Below are the entries to work from; restate word for word the portion that opens with the line containing "Ar condicionado Split" and closes with the line containing "Finca in Canet", keeping both.

======== Records for processing ========

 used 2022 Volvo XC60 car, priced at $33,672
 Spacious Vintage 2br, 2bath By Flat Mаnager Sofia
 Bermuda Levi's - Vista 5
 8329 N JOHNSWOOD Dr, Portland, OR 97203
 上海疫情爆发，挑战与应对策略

========
======== Records for processing ========

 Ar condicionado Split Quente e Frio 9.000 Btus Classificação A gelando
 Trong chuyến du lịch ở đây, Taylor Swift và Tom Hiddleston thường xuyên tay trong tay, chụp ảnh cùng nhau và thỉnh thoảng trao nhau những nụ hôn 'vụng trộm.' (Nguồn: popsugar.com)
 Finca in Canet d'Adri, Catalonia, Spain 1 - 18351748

========
======== Records for processing ========

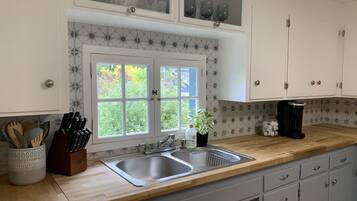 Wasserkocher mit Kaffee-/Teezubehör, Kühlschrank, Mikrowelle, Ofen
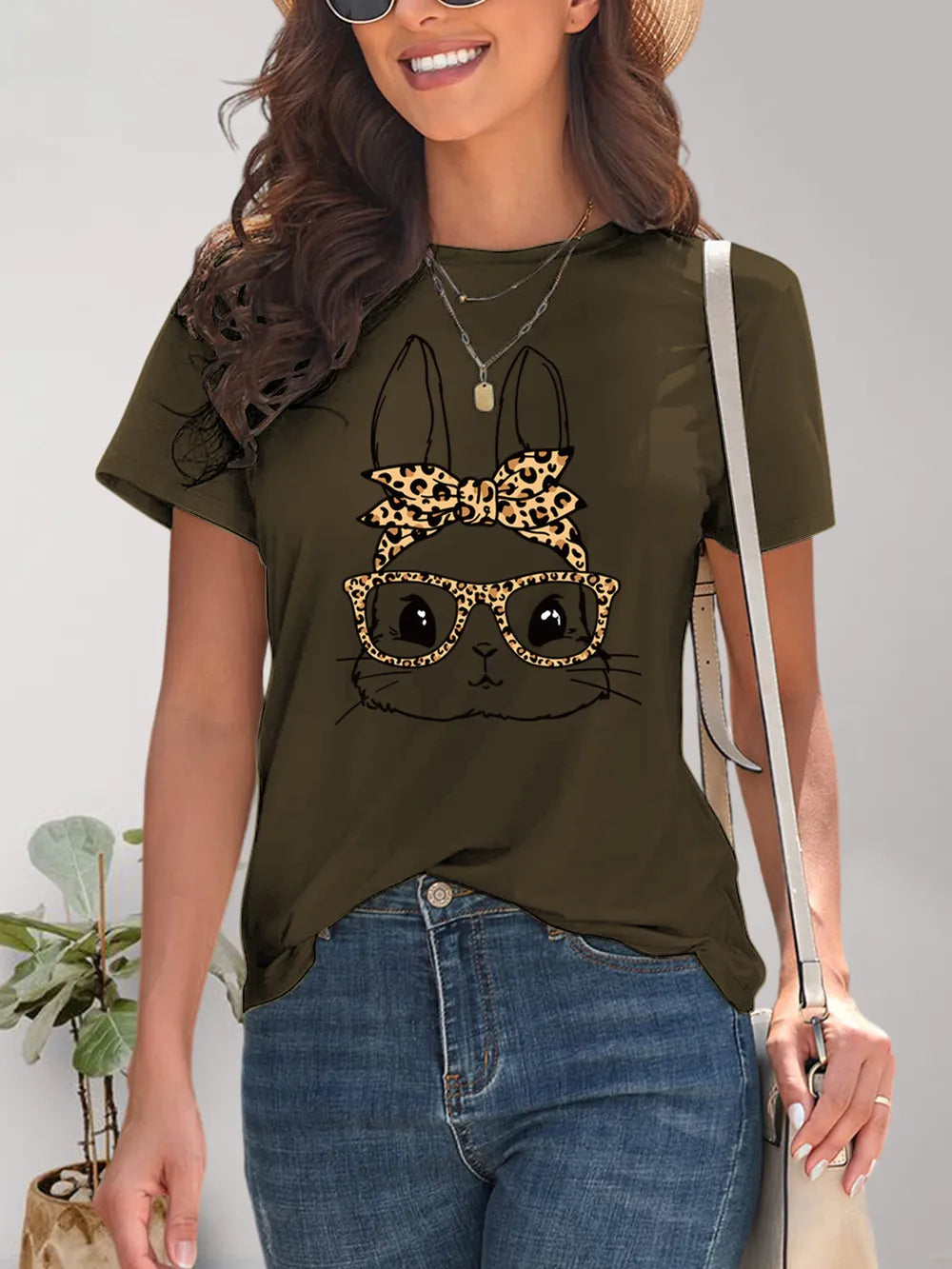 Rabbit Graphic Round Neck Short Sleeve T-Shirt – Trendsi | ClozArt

========

Reply:
 Ar condicionado Split Quente e Frio 9.000 Btus Classificação A gelando
 Trong chuyến du lịch ở đây, Taylor Swift và Tom Hiddleston thường xuyên tay trong tay, chụp ảnh cùng nhau và thỉnh thoảng trao nhau những nụ hôn 'vụng trộm.' (Nguồn: popsugar.com)
 Finca in Canet d'Adri, Catalonia, Spain 1 - 18351748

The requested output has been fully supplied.